__TRY IT__.
Find the line containing "Enuff znuff at Holy Diver" in the entries below. Reproduce that line and each one after it to the end, exactly, with no other lines.

__DATA UNDER STUDY__.
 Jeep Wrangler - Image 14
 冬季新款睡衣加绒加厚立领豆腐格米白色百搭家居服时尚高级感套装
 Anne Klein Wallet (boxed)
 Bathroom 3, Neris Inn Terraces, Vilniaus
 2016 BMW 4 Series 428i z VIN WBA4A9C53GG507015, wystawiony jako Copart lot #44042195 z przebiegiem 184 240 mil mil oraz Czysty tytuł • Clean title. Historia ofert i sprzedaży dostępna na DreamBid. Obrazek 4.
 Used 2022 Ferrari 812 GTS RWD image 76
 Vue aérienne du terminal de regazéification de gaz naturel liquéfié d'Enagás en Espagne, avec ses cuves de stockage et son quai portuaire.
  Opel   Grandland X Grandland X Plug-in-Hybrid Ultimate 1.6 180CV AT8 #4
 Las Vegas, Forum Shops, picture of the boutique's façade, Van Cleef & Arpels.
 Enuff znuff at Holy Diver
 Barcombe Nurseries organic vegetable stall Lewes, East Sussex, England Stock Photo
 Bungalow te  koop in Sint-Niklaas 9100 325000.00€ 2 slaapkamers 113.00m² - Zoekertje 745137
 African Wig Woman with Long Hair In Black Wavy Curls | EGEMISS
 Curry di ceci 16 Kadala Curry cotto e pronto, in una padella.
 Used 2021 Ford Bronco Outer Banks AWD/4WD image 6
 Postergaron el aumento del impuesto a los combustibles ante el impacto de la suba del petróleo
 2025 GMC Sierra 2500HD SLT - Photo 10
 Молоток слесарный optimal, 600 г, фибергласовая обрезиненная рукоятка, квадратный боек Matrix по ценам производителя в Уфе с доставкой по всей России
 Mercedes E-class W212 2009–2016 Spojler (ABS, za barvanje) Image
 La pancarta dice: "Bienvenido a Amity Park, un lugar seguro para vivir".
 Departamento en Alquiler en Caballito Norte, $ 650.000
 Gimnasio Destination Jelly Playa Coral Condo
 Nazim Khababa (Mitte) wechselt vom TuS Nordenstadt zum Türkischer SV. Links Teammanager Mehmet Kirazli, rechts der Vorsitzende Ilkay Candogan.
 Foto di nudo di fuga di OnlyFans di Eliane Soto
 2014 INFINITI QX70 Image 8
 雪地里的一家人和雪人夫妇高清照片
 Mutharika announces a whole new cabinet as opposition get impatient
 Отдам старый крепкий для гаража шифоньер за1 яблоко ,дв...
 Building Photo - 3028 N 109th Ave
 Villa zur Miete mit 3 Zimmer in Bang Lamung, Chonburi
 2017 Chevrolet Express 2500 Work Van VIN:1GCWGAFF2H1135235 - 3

__RESPONSE FOR THIS EXERCISE__.
 Enuff znuff at Holy Diver
 Barcombe Nurseries organic vegetable stall Lewes, East Sussex, England Stock Photo
 Bungalow te  koop in Sint-Niklaas 9100 325000.00€ 2 slaapkamers 113.00m² - Zoekertje 745137
 African Wig Woman with Long Hair In Black Wavy Curls | EGEMISS
 Curry di ceci 16 Kadala Curry cotto e pronto, in una padella.
 Used 2021 Ford Bronco Outer Banks AWD/4WD image 6
 Postergaron el aumento del impuesto a los combustibles ante el impacto de la suba del petróleo
 2025 GMC Sierra 2500HD SLT - Photo 10
 Молоток слесарный optimal, 600 г, фибергласовая обрезиненная рукоятка, квадратный боек Matrix по ценам производителя в Уфе с доставкой по всей России
 Mercedes E-class W212 2009–2016 Spojler (ABS, za barvanje) Image
 La pancarta dice: "Bienvenido a Amity Park, un lugar seguro para vivir".
 Departamento en Alquiler en Caballito Norte, $ 650.000
 Gimnasio Destination Jelly Playa Coral Condo
 Nazim Khababa (Mitte) wechselt vom TuS Nordenstadt zum Türkischer SV. Links Teammanager Mehmet Kirazli, rechts der Vorsitzende Ilkay Candogan.
 Foto di nudo di fuga di OnlyFans di Eliane Soto
 2014 INFINITI QX70 Image 8
 雪地里的一家人和雪人夫妇高清照片
 Mutharika announces a whole new cabinet as opposition get impatient
 Отдам старый крепкий для гаража шифоньер за1 яблоко ,дв...
 Building Photo - 3028 N 109th Ave
 Villa zur Miete mit 3 Zimmer in Bang Lamung, Chonburi
 2017 Chevrolet Express 2500 Work Van VIN:1GCWGAFF2H1135235 - 3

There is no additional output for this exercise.